Answer: Principle: Generic Netlink itself only occupies one standard Netlink protocol number (NETLINK_GENERIC), acting as a multiplexer. It introduces the concept of a genl_family (family), allowing different subsystems (like nl80211) to register as different families. By using the family ID to distinguish messages from different subsystems on the same Netlink socket, it theoretically supports hundreds or even thousands of different protocols. Example: nl80211 (used for wireless subsystem configuration, utilized by the iw tool).

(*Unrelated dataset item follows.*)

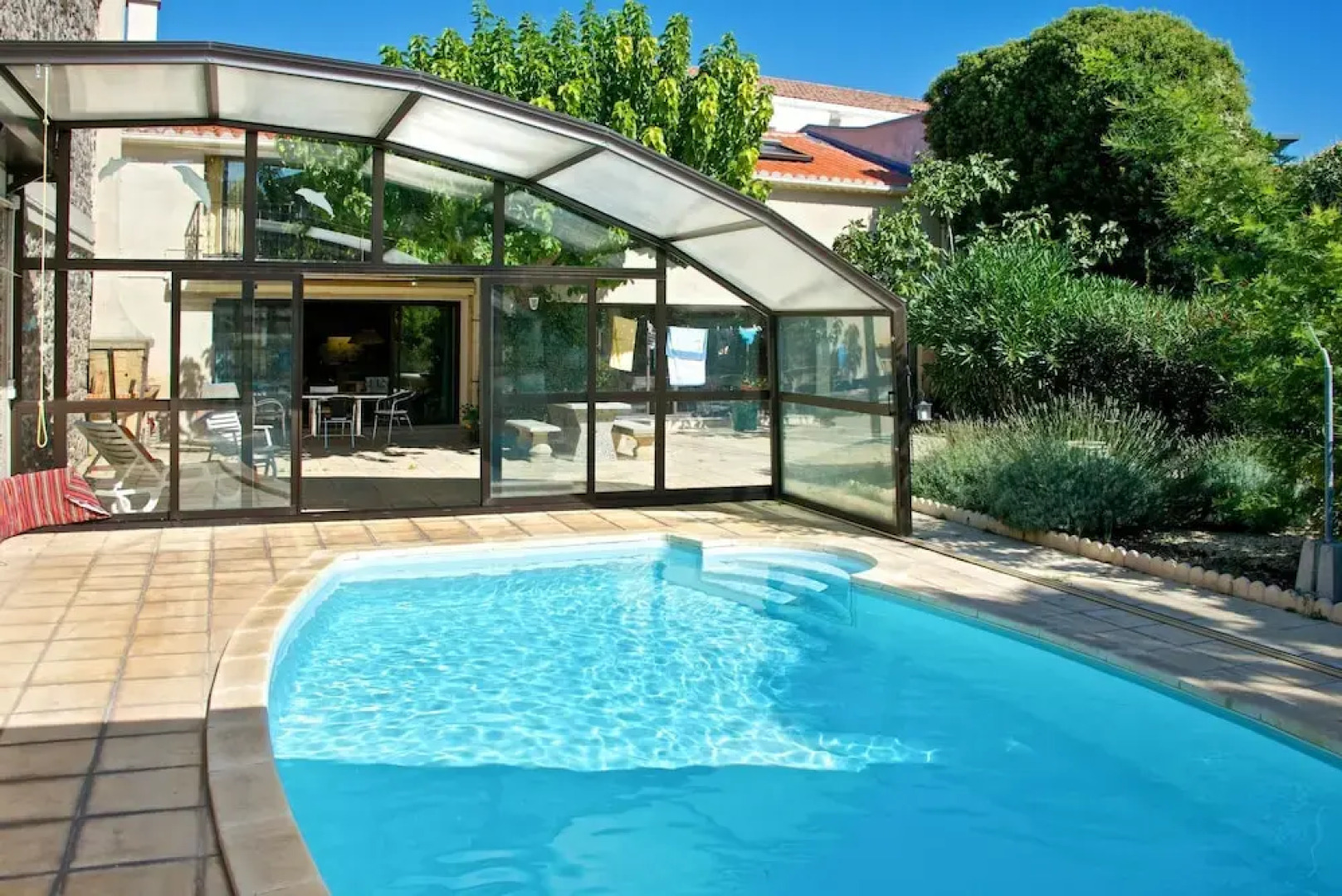 Apartment With one Bedroom in Marseillan, With Pool Access, Furnished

Analysis: This question tests a deep understanding of the Netlink architecture. Standard Netlink is similar to a flat channel with a limited number of slots (32). Generic Netlink dedicates one of these channels to act as a "head manager" (Multiplexer), supporting an arbitrary number of communication types within this channel through a "sub-channel" approach. This is the core design philosophy behind the Generic Netlink protocol discussed in this chapter, and it's the reason why modern subsystems like wireless drivers and task statistics tend to use it.


Key Takeaways

Netlink sockets are the core mechanism for communication between the modern Linux kernel and user space, completely replacing the outdated ioctl approach. By supporting bidirectional asynchronous communication and multicast mechanisms, Netlink not only allows user space to actively query kernel state (such as routing tables and network interface info) but, more critically, enables the kernel to proactively "push" notifications to subscribed user processes when events occur (such as network interfaces going up or down, or routing changes). This event-driven model is the foundation for the efficient operation of modern network management tools like iproute2.

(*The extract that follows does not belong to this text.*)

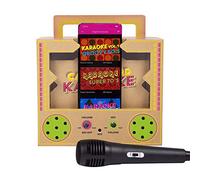 Fizz Creations Cardboard Karaoke Kit, Multi, 21 cm x 19 cm x 12 cm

Developing Netlink applications in user space typically relies on the libnl or libmnl libraries to avoid dealing directly with tedious system calls and buffer operations. The foundation of this communication is the address structure sockaddr_nl, where the nl_pid field acts as the "port number" concept: set it to 0 when sending to the kernel, but be careful of conflicts in multi-threaded programs using auto-binding, because multiple sockets within the same process that don't manually specify different nl_pid values will lead to receive confusion.

The core of kernel Netlink message handling lies in the message dispatch and callback registration mechanism. The input callback function specified when creating a socket via netlink_kernel_create (like rtnetlink's rtnetlink_rcv) serves as the main entry point, while specific message types (like RTM_NEWLINK) register their handler functions into the kernel's multi-dimensional lookup table via rtnl_register(). When a message arrives, the kernel dispatches it to the corresponding doit (for single operations) or dumpit (for bulk dumps) function based on the protocol number and message type.

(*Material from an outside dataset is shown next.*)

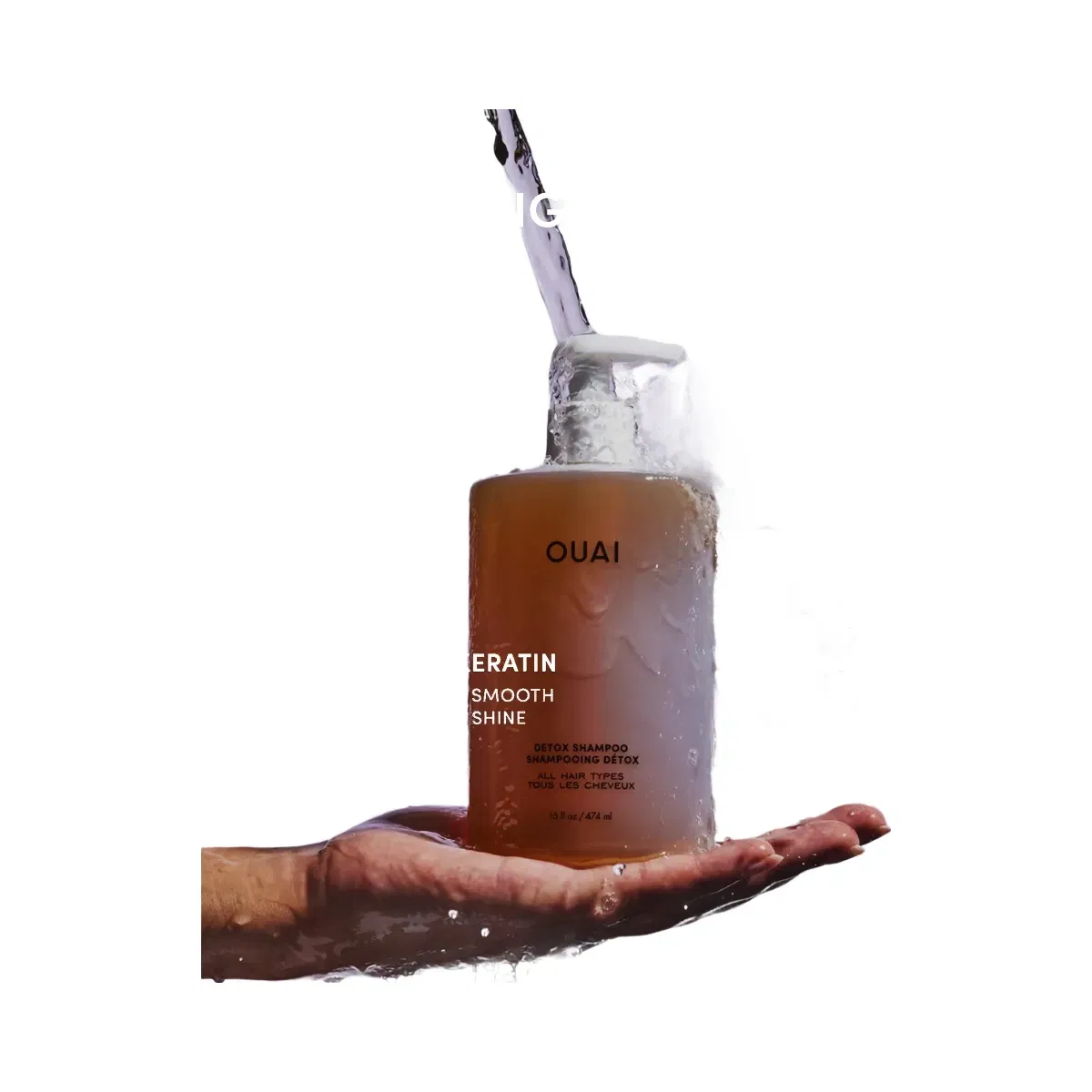 OUAI Detox Clarifying Hair Shampoo - Jumbo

The Netlink protocol uses a "header + TLV attributes" binary format to ensure extreme extensibility. The message header nlmsghdr contains the length, type, and sequence number, followed by a payload using TLV (Type-Length-Value) encoding that supports nesting to build complex data structures. The kernel strictly validates incoming attributes for type and length through a predefined nla_policy policy array, and only requests that pass validation are executed, thereby ensuring kernel security.

To address the scarcity of Netlink protocol number resources (only 32 available), the kernel introduced Generic Netlink as a universal multiplexing solution. It occupies only a single protocol number (NETLINK_GENERIC) and uses a "main service desk" called nlctrl to dynamically allocate and manage an unlimited number of sub-families (like nl80211), achieving runtime extension based on string naming. This mechanism allows developers to implement specific kernel module communication interfaces by registering custom genl_family and genl_ops without modifying the core kernel code.